Having optimised the structure of the starting material, the energies and structures of the transition state were investigated to determine what transition state is the preferred route to the product. It was assumed since the transition state resembles a 6-membered ring (like cyclohexane) that its lowest energy transition states would resemble the lowest energy conformers of a cyclohexane molecule which are chair and boat, therefore only these 2 structures were analysed. [1]

Optimisation of 1,5-Hexadiene

Due to the free rotation around the central C-C bond in 1,5-Hexadiene there are several conformations possible. In total 6 guache and 4 anti-periplanar conformers were drawn in GuassView 5.0 using the edit Dihedral Driver function to manually create a rough optimisation for each of the conformers. The geometries were then 'Cleaned' in GuassView before being sent to SCAN (HF/3-21G), with a % memory = 250MB. The resulting conformers and there relative energies can be seen in the table below, each of their point groups were checked using the Symmetrize function.

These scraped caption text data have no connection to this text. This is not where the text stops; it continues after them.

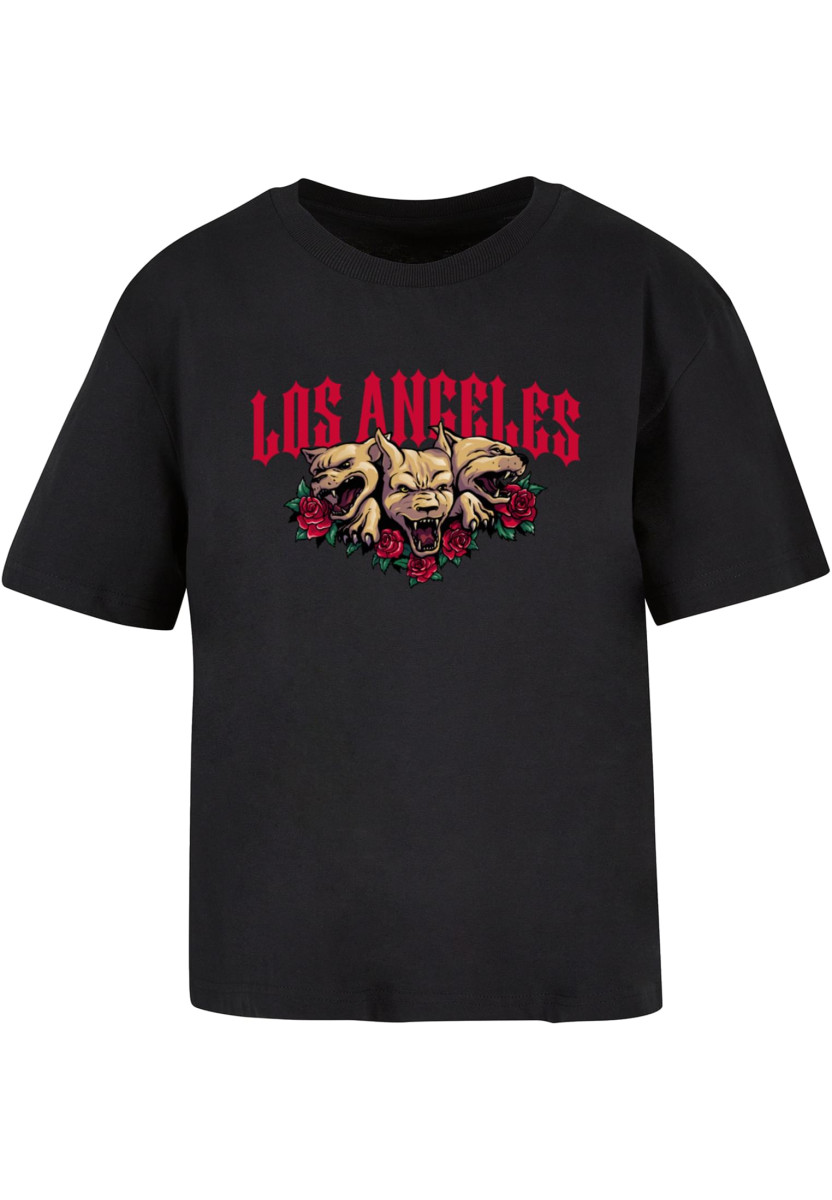 LA Dogs Tee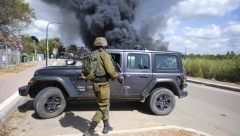 OVAKO SU IZMASAKRIRANI IZRAELCI! Hezbolah napravio specijalcima paklenu zasedu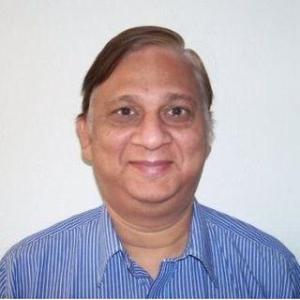 Vinod Aggarwal image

Structures and Energies of the (HF/32-1G) Optimised conformers of 1,5-Hexadiene
Conformer (with LOG File) Total Energy (Hartrees) Relative Energy (Kcal mol-1) Point Group Jmol Diagram
Anti 1 [2] -231.69260 +0.04 C2
Anti 2 [3] -231.69254 +0.08 Ci
Anti 3 [4] -231.68907 +2.25 C2h
Anti 4 [5] -231.69097 +1.06 C1
Guache 1 [6] -231.68722 +3.10 C2
Guache 2 [7] -231.69167 +0.62 C2
Guache 3 [8] -231.69266 0.00 C1
Guache 4 [9] -231.69153 +0.71 C2
Guache 5 [10] -231.68962 +1.91 C1
Guache 6 [11] -231.68916 +2.20 C1

It can be seen from the data above that the 3 most stable conformers are Anti-1, Anti-2 and Guache-3, with the latest of these being the most stable. This is somewhat surprising since it was expected that an anti-periplanar conformation would be the most stable. These 3 conformers were re-optimised (DFT/ 631-G*), to improve accuracy. The results are seen below.

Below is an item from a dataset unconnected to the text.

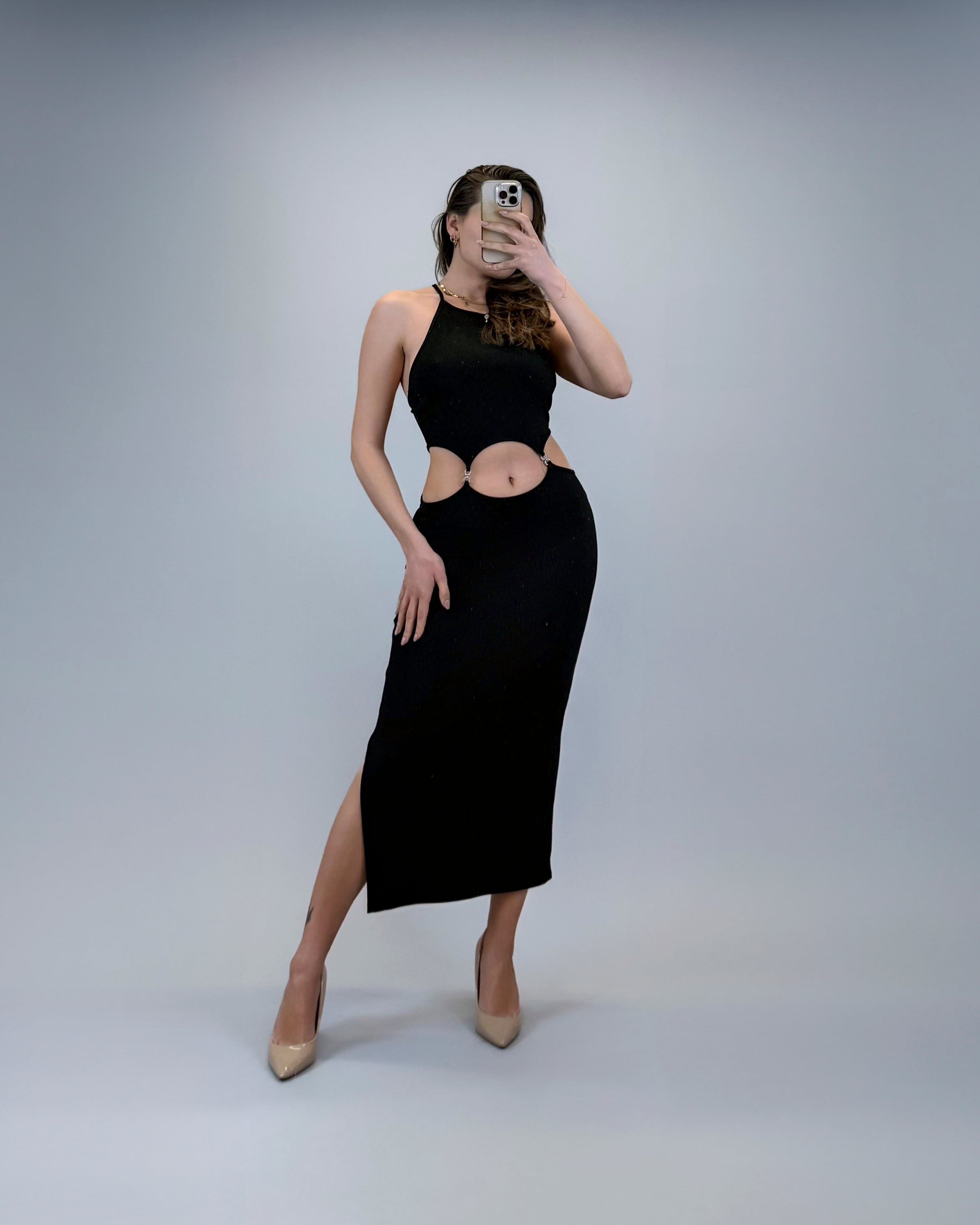 Abito Yasmin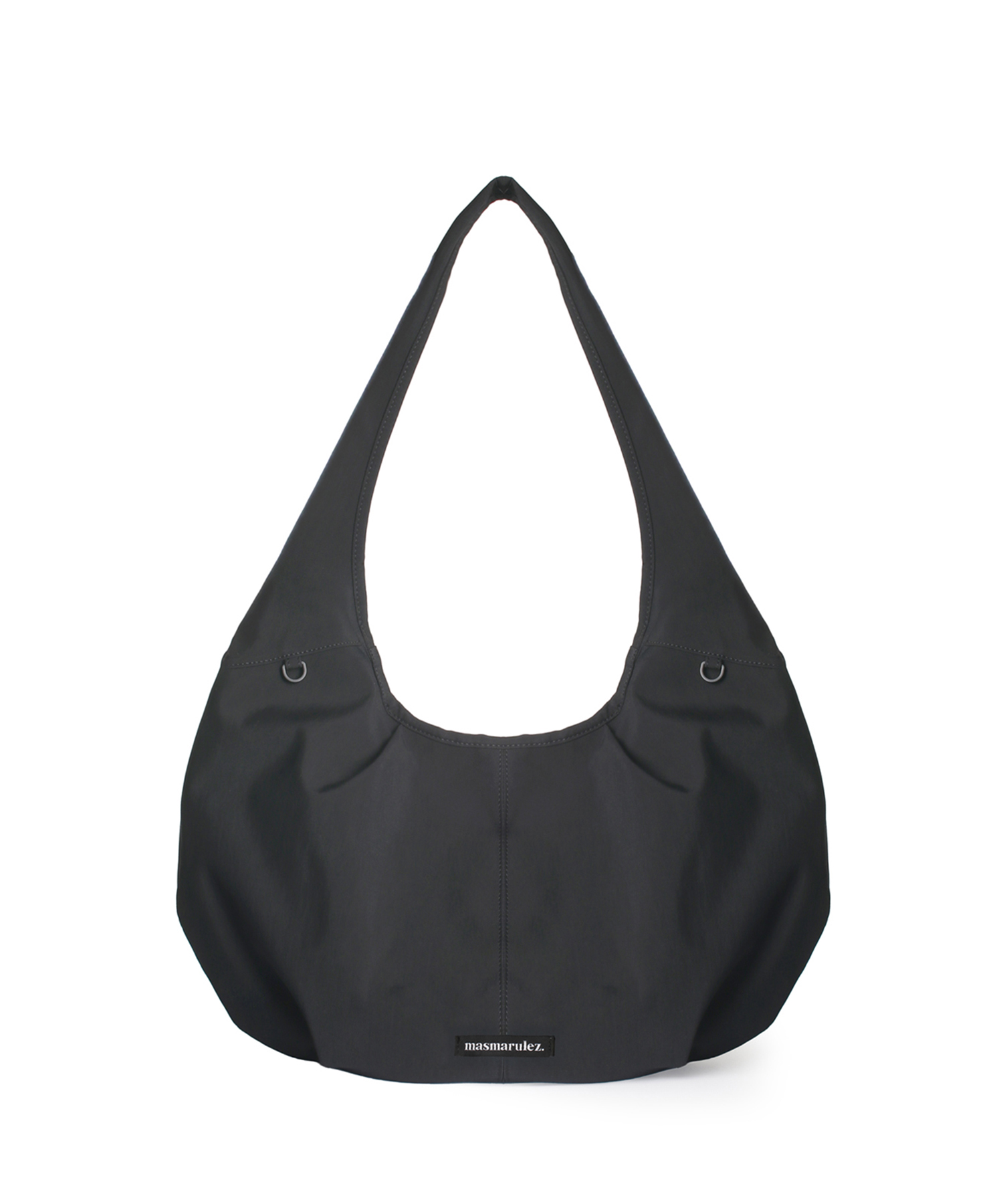 Drop eco плечевая bag_Black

Structures and Energies of the 3 most stable (DFT/631-G(d)) Optimised conformers of 1,5-Hexadiene
Conformer (with LOG File) Total Energy (Hartrees) Relative Energy (Kcal mol-1) Point Group Newman Projection Jmol Diagram
Anti 1 [12] -234.61179 0.00 C2
Anti 2 [13] -234.61171 +0.05 Ci
Guache 3 [14] -234.61133 +0.29 C1

It can be seen by comparison of the data in the 2 tables above that using the DFT/ B3LYP method and the higher 631-G(*) basis set leads to a lower energies for each of the conformations, all by around 3 Ha. This is a significant difference in energy, however importantly it can also be seen from the Jmol diagrams that the structures of each of the conformers actually show little difference in bond angle and length.

This higher level basis set predicts the anti conformer is more stable due to the stabilising antiperiplanar relationship e.g σ C-H into σ* C-C, although these interactions are also present in the Guache-3 conformer the geometries are not as well optimised since the dihedral angles are not as close to 180 degrees which would allow for ideal overlap. [15]

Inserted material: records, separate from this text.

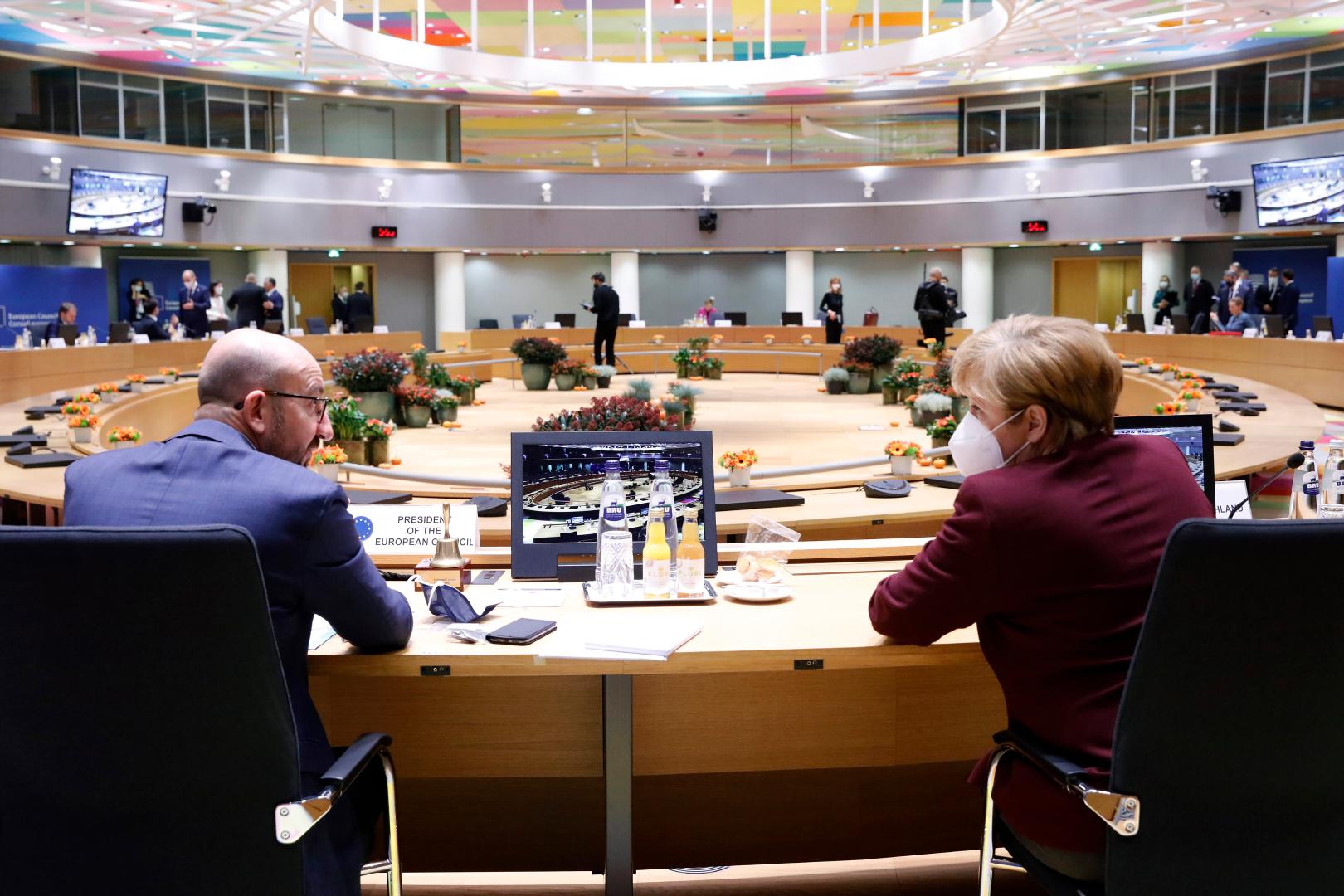 KonradAdenauerStiftung Home Europabüro Brüssel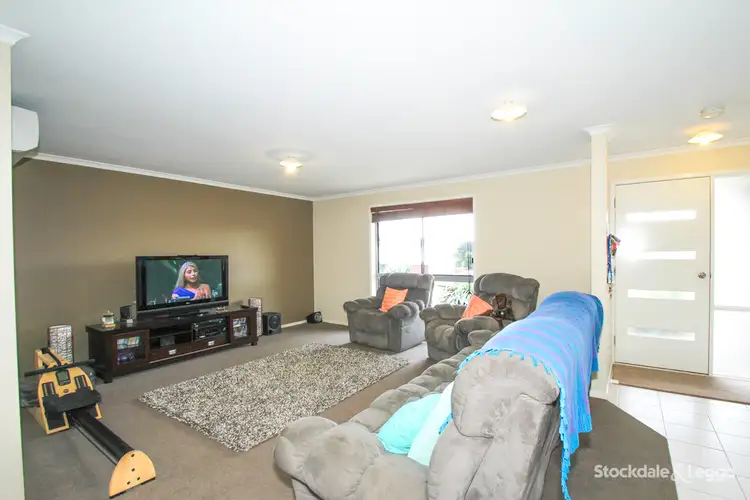 Fourth view of Homely house listing, 3 Eccles Way, Leongatha VIC 3953
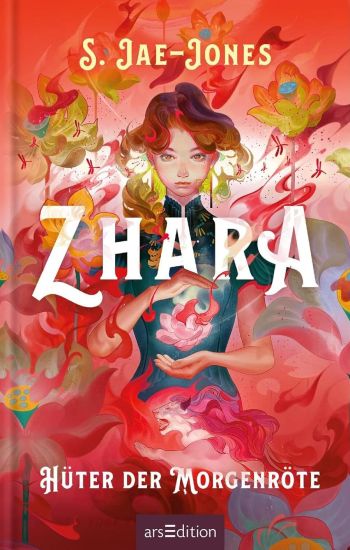 Zhara - Hüter der Morgenröte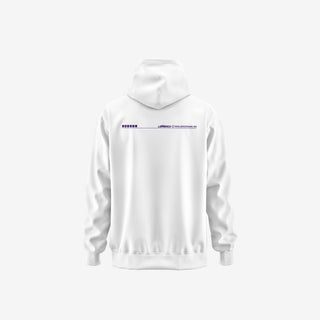 LeMerch x 1. FC Schöneberg Star Hoodie
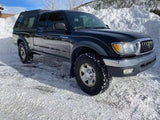 2004 Toyota Tacoma — used overland rig for sale in Frisco, CO (photo 3)
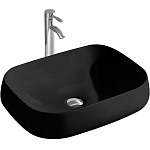 AQ5526-MB раковина 560*420*140 для установки на столешницу, матовый черный 250_100_Array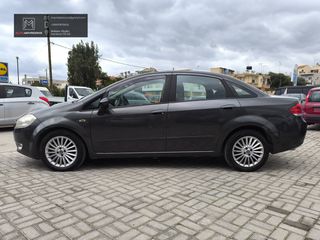 Fiat Linea 2008 TURBO – ΟΙΚΟΝΟΜΙΚΟ – ΟΙΚΟΓΕΝΕΙΑΚΟ-thumb-1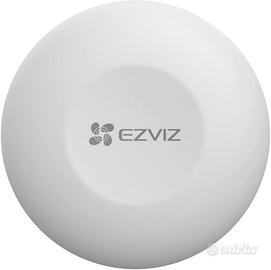 Ezviz smart button t3c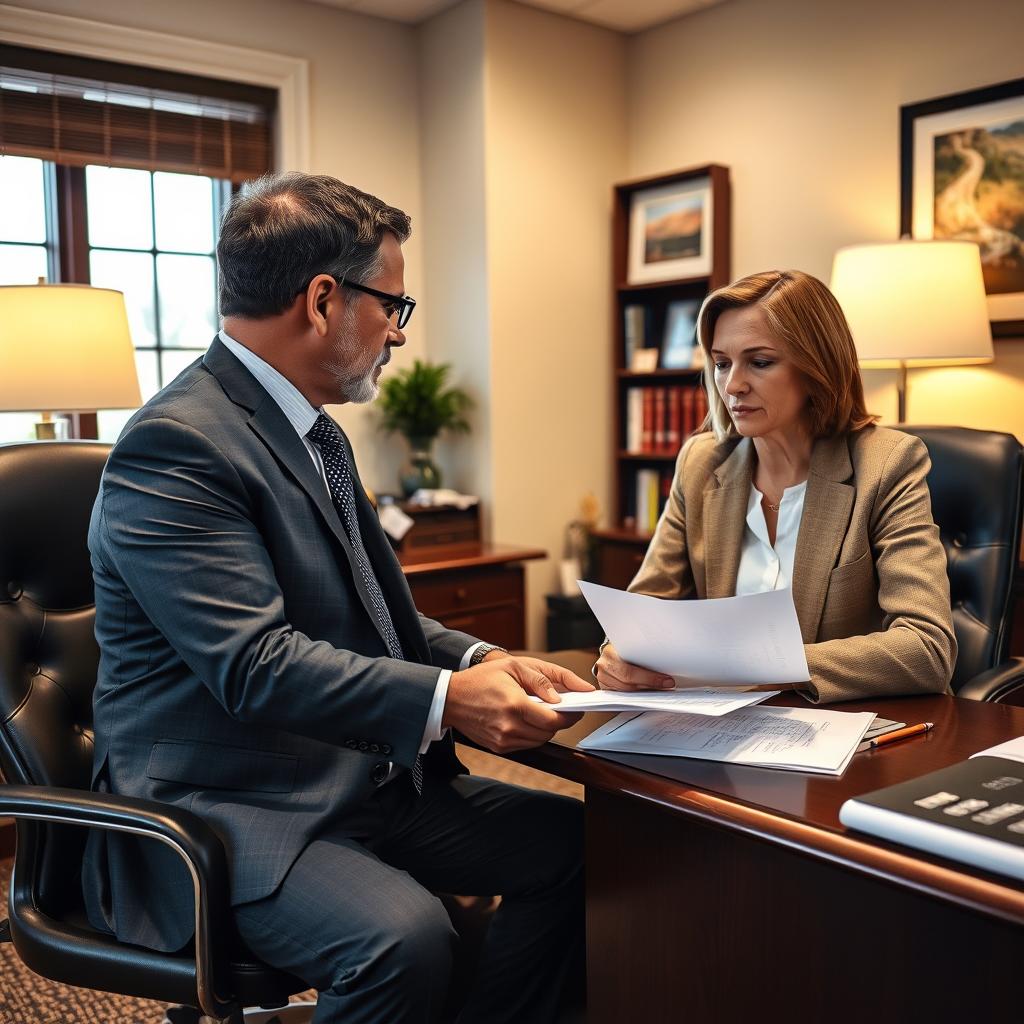 Bicycle Accident Lawyer Baltimore County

Another interaction to take into consideration is the long range Van der Waals interactions between Hydrogen atoms which generally favours Guache conformations.

Frequency Analysis

Frequency analysis was also run on the 3 DFT optimised conformers to check that true global minima had been found, indicated by the absence of imaginary negative frequency absorptions. From the vibrational results it is clear that all the typical absorptions for a linear hydrocarbon are present in each of the spectra. However the most important C=C stretches have been selectively noted in the table below. It is known experimentally [16] that a symmetric C=C stretch is typically at 1630-1680cm-1 and asymmetric C=C stretch absorbs at 1900-2000cm-1.

Vibrational Absoprtions of the 3 most stable conformers of 1,5-Hexadiene
Conformer (with LOG File) Symmetric C=C Stretch Asymmetric C=C Stretch (cm-1) Full IR Spectrum
Frequency (cm-1) Intensity 3D animation Frequency (cm-1) Intensity 3D animation
Anti 1 [17] 1732 5
1735 14
Anti 2 [18] 1731 0
1734 18
Guache 3 [19] 1732 7
1733 6

It is clear from the data above that there is some error in the computational calculations, the symmetric stretches are around 5% lower than the typical literature, while the asymmetric stretches are around 11% higher. In spite of this error it can be seen that as expected the asymmetric stretches are all at a higher frequencies than their symmetric partners. Further it is worth noting that in the anti conformers the intensity of the asymmetric stretch is greater by 8-10 units compared to the same stretch in the guache 3 conformer. This large difference is due to the point groups of the conformers, the guache 3 conformation has no symmetry (C1), and therefore leads to more intense absorptions. The higher symmetry in the anti-1 and anti-2 conformers means an asymmetric stretch of the C=C bond leads to a far smaller change in the overall dipole moment, this is reflected in the intensity seen on the IR spectrum.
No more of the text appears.